Padahal Islam telah memberikan jaminan dan standar mengenai sistem kehidupan terbaik. Allah Taala berfirman:

“Kamu adalah umat yang terbaik yang dilahirkan untuk manusia, menyuruh kepada yang ma’ruf, dan mencegah dari yang munkar, dan beriman kepada Allah. Sekiranya Ahli Kitab beriman, tentulah itu lebih baik bagi mereka, di antara mereka ada yang beriman, dan kebanyakan mereka adalah orang-orang yang fasik.” (TQS Ali Imran [3]: 110).

Islam memberikan solusi komprehensif untuk menanggulangi perundungan yang dalam hal ini terdiri atas empat pilar. Pertama, individu yang bertakwa. Kedua, masyarakat yang memiliki pemikiran, perasaan dan peraturan Islam sehingga aktivitas amar ma’ruf nahi munkar adalah bagian dari keseharian mereka. Ketiga, sistem pendidikan Islam. Keempat, negara yang menerapkan sanksi tegas dan adil.

Individu yang bertakwa lahir dari keluarga yang menjadikan akidah Islam sebagai landasan perbuatan. Keluarga yang terikat dengan syariat Islam secara kafah akan melahirkan orang-orang saleh yang enggan berlaku maksiat. Hanya saja, keluarga tersebut tentu tidak bisa berdiri sendiri. Mereka membutuhkan lingkungan tempat tinggal yang nyaman bersama masyarakat yang kondusif.

Masyarakat tersebut juga harus memiliki pemikiran, perasaan, dan peraturan yang sama-sama bersumber dari syariat Islam, demikian pula landasan terjadinya pola interaksi di antara mereka.

Kondisi ini membuat mereka tidak asing dengan aktivitas amar ma’ruf nahi munkar. Mereka tidak akan bersikap individualistis karena mereka meyakini bahwa mendiamkan kemaksiatan sama seperti setan bisu.

Adapun sistem pendidikan Islam, berbasis akidah Islam sehingga menghasilkan generasi berkepribadian Islam. Mereka adalah siswa yang mempunyai syaksiyah islamiah. Apa pun yang hendak mereka lakukan akan bersandar pada aturan Islam. Kurikulum pendidikan Islam juga tidak hanya sebatas majelis taklim, melainkan tempat pembinaan yang akan diajarkan sedari kelas dasar agar para siswa siap menjalankan kewajiban saat balig nanti.

Terakhir, yakni negara yang menerapkan aturan Islam paripurna sehingga mampu mewujudkan sanksi tegas bagi tindak kriminal dan pelanggaran aturan Islam, yakni sebagai zawajir (pencegah) dan jawabir (penebus).
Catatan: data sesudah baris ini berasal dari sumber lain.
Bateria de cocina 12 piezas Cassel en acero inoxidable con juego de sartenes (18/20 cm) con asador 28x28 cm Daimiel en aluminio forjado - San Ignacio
Maknanya, agar orang lain yang bukan pelanggar hukum tercegah untuk melakukan tindak kriminal yang sama dan jika sanksi itu diberlakukan kepada pelanggar hukum, sanksi tersebut dapat menebus dosanya.

Selain itu, lingkungan tempat tinggal dan keluarga juga perlu bernuansa Islam, senantiasa mengingatkan dalam ketaatan, serta saling memperhatikan dan menyayangi. Dengan begitu, anak-anak akan terhindar dari masalah perundungan. Sistem islam inilah yang mampu mewujudkan perlindungan hakiki bagi warga negaranya dari berbagai tindak kejahatan.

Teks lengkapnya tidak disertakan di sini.